» **THE PROBLEM**
Line by line, set down all the data below exactly, omitting any picture.

» **PROVIDED DATA**

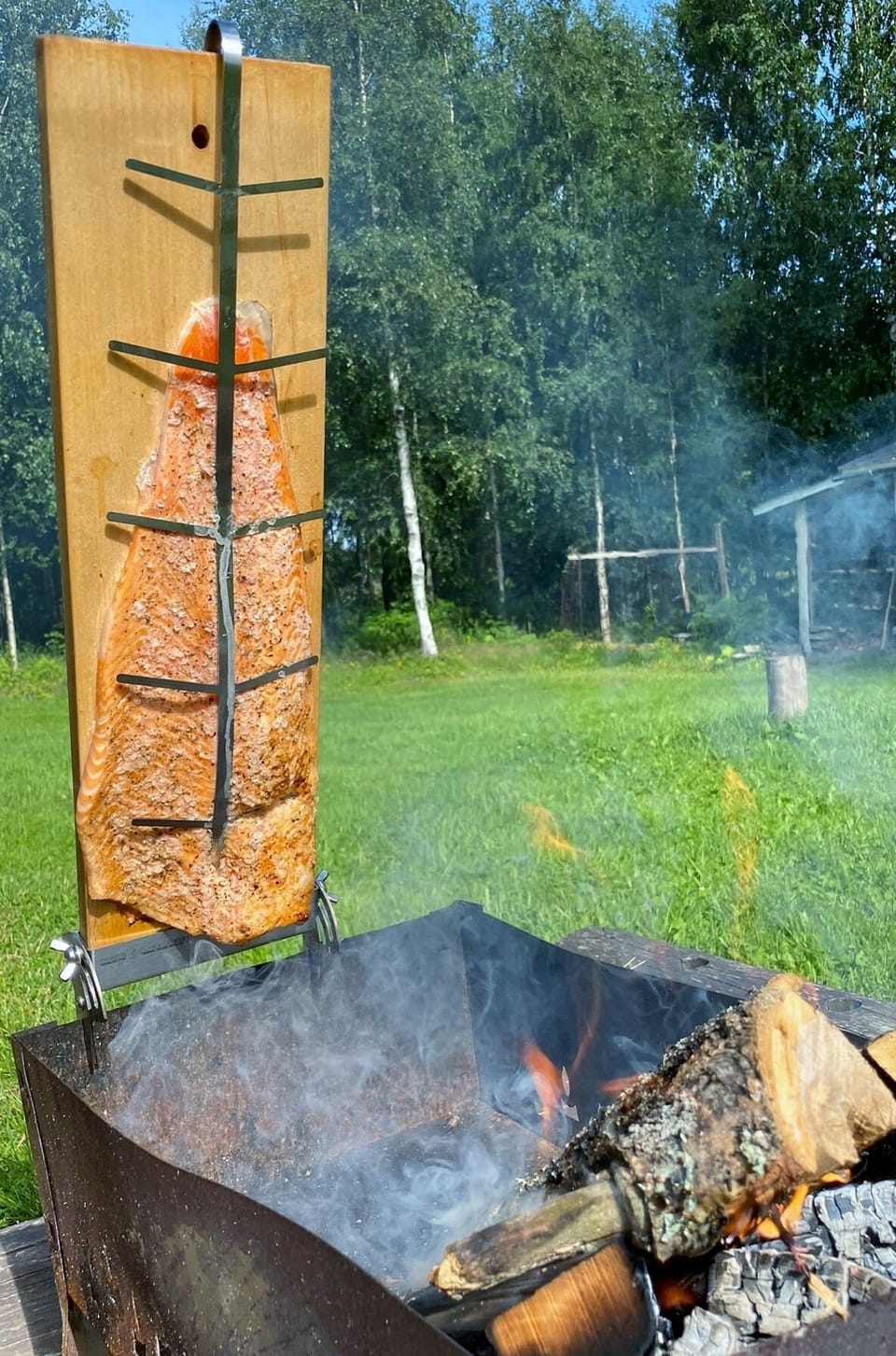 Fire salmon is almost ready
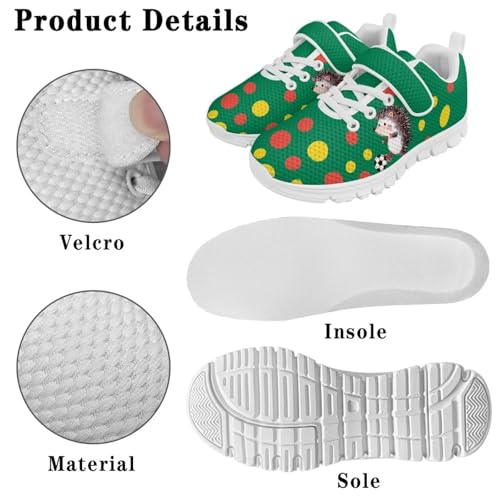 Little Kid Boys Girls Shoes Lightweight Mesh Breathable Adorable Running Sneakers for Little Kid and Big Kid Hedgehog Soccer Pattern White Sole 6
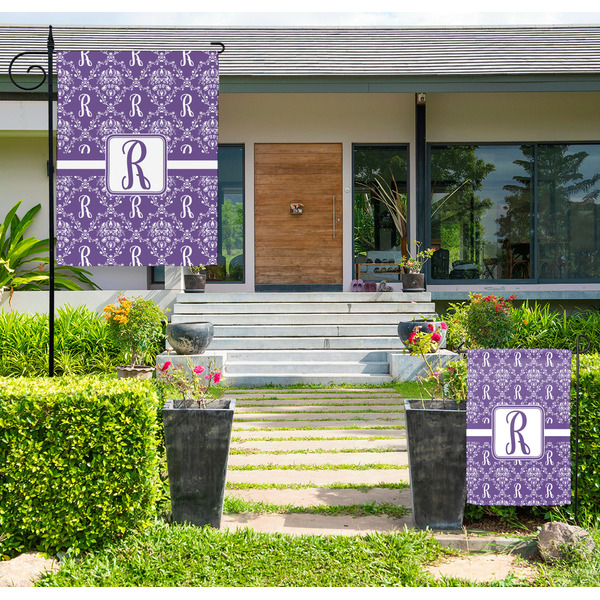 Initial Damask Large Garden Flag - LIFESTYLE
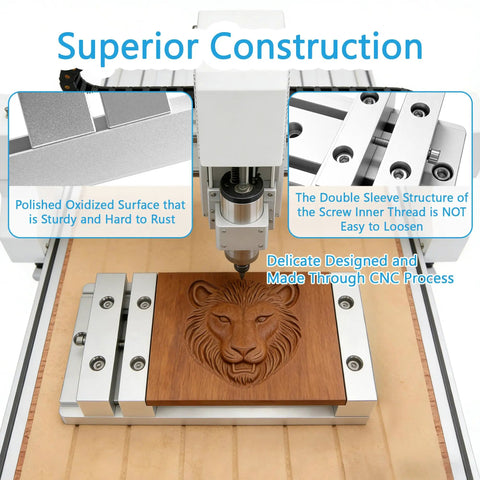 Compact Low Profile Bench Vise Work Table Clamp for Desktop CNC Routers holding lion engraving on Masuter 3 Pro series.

» **RESULT OF THE EXERCISE**
 Fire salmon is almost ready
 Little Kid Boys Girls Shoes Lightweight Mesh Breathable Adorable Running Sneakers for Little Kid and Big Kid Hedgehog Soccer Pattern White Sole 6
 Initial Damask Large Garden Flag - LIFESTYLE
 Compact Low Profile Bench Vise Work Table Clamp for Desktop CNC Routers holding lion engraving on Masuter 3 Pro series.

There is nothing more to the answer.